Barris de carvalho

Paulo Rogério Lage e o maestro Rodrigo Toffolo que, após o espetáculo Quem perguntou por mim, viajou para reger no Festival de Bari na Itália e tem a Orquestra Ouro Preto indicada para o Prêmio da Música Brasileira, categoria Erudito com o disco Latinidade

Foto: Íris Zanetti


Barris de carvalho
"Trate muito bem os seus filhos, eles escolherão seu asilo ou a casa de saúde onde você vai envelhecer e ficar caquético até morrer...". Nos Estados Unidos opções não faltam, bem no estilo do "Hospice Care Network", espaços para, digamos, o fim de linha, doenças incuráveis ou em avançado estado. O diferencial é que estas "casas de saúde" são voltadas para os cuidados e não para a cura.


Carvalho tratado
Bons lugares, como diria Jorge Amado, para "esperar a morte", com paz e conforto, perto daqueles que lhes são caros. Geralmente são instalados em antigos hospitais desativados.

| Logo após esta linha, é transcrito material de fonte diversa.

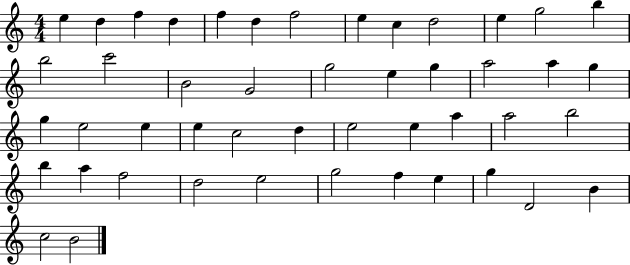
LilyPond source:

{
  \clef treble
  \numericTimeSignature
  \time 4/4
  \key c \major
  e''4 d''4 f''4 d''4 | f''4 d''4 f''2 | e''4 c''4 d''2 | e''4 g''2 b''4 | \break b''2 c'''2 | b'2 g'2 | g''2 e''4 g''4 | a''2 a''4 g''4 | \break g''4 e''2 e''4 | e''4 c''2 d''4 | e''2 e''4 a''4 | a''2 b''2 | \break b''4 a''4 f''2 | d''2 e''2 | g''2 f''4 e''4 | g''4 d'2 b'4 | \break c''2 b'2 | \bar "|."
} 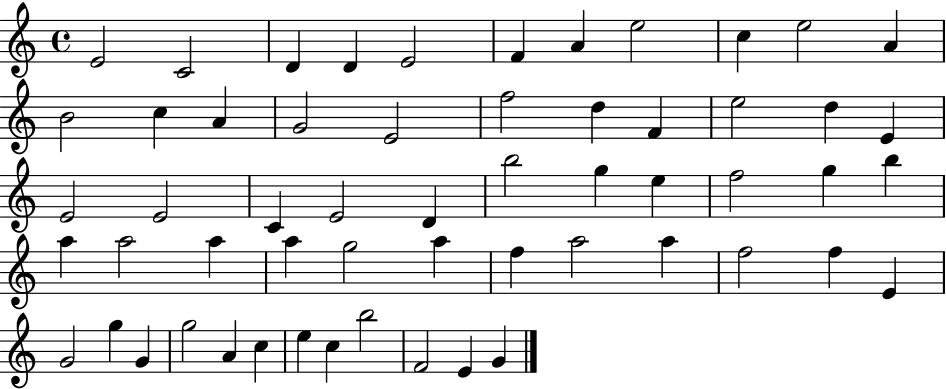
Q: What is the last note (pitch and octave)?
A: G4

Não têm médicos, só enfermeiras que cuidam e asseguram a "manutenção básica da higiene dos hóspedes".


Tratado e realista
Outra grande diferença, para similares no Brasil, é que estes locais evitam  preconceitos e dramas. Viraram uma tradição bem aceita por todos.  Há a questão financeira também, pois são muito mais econômicos que manter o idoso ou doente com duas enfermeiras diariamente em casa.


Realista e promissor
O Brasil, muitas vezes falso sentimentalista, caminha nesta direção. Primeiro porque as famílias estão menores, não têm filhos em número suficiente que se revezem nos cuidados. O jornalista Guga Chacra, da GloboNews, em Nova York observou que, nos Estados Unidos - como na Europa - casais têm cada vez menos filhos. Na esteira, em breve testemunharemos a extinção do filho do meio. Com raras exceções veremos somente primogênitos e caçulas. Assim, espaços neste estilo começam a brotar por aqui.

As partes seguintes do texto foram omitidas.